American illustrator and cartoonist (1879–1972)

Charles Henry Chapman (April 1, 1879 – 1972), who signed his work as C. H. Chapman, was a British illustrator and cartoonist best known for his work in boys' story papers such as The Magnet where the character Billy Bunter appeared. He later illustrated Bunter cartoon strips and several Bunter books published in the 1950s and 1960s.

==Life==
Chapman was born in Thetford, Norfolk, on 1 April 1879, and attended Kendrick School in Reading, Berkshire, where he created and illustrated a school magazine, The Kendrick Comet. He studied art at the University of Reading, after which he was apprenticed to an architect. He had his first drawing published in the story paper The Captain in 1900, and over the next ten years drew for story papers and comics including Marvel, Pluck, the Boy's Friend, Boy's Herald, Boy's Leader, Illustrated Chips, Comic Cuts, Jester, Big Budget, and Ally Sloper's Half Holiday.
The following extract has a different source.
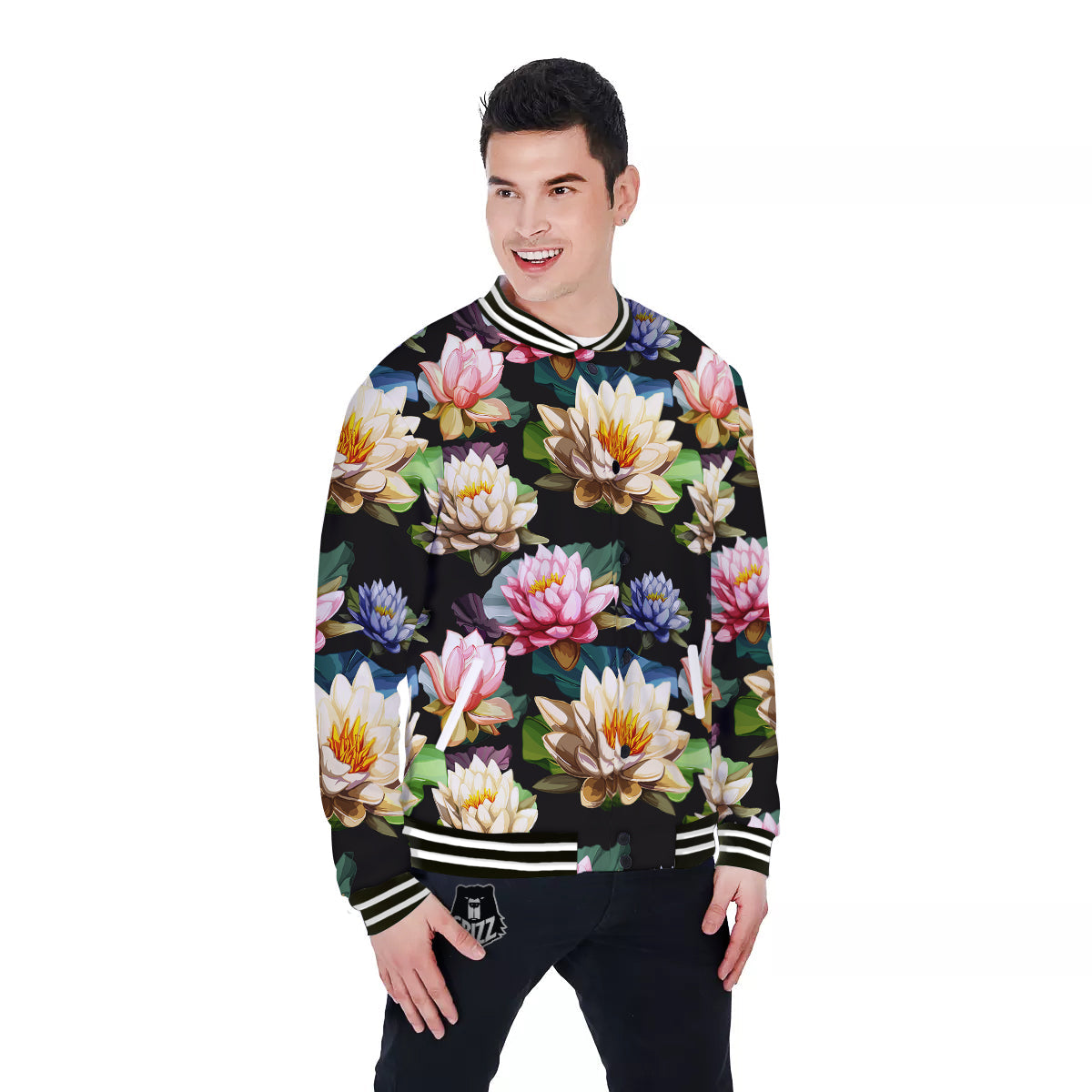 Lotus Vintage Print Pattern Baseball Jacket-grizzshop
From 1911 to 1940 he illustrated Charles Hamilton's Greyfriars School stories, featuring Billy Bunter, for The Magnet, also drawing the magazine's covers until 1926. When the comic Knockout launched in 1938 with a Billy Bunter comic strip, Chapman drew the early instalments before being replaced by Frank Minnitt. On the death of R. J. Macdonald in 1954 he took over illustrating the Billy Bunter novels. In the 1950s and '60s he illustrated Cassell's Billy Bunter's Own annuals. In the mid-1960s he moved to Wingfield, Tokers Green Lane, Tokers Green, to the north of Caversham, commuting daily from Reading to London by train for many years. He died in 1972, survived by two daughters, Dorothy and Marjorie.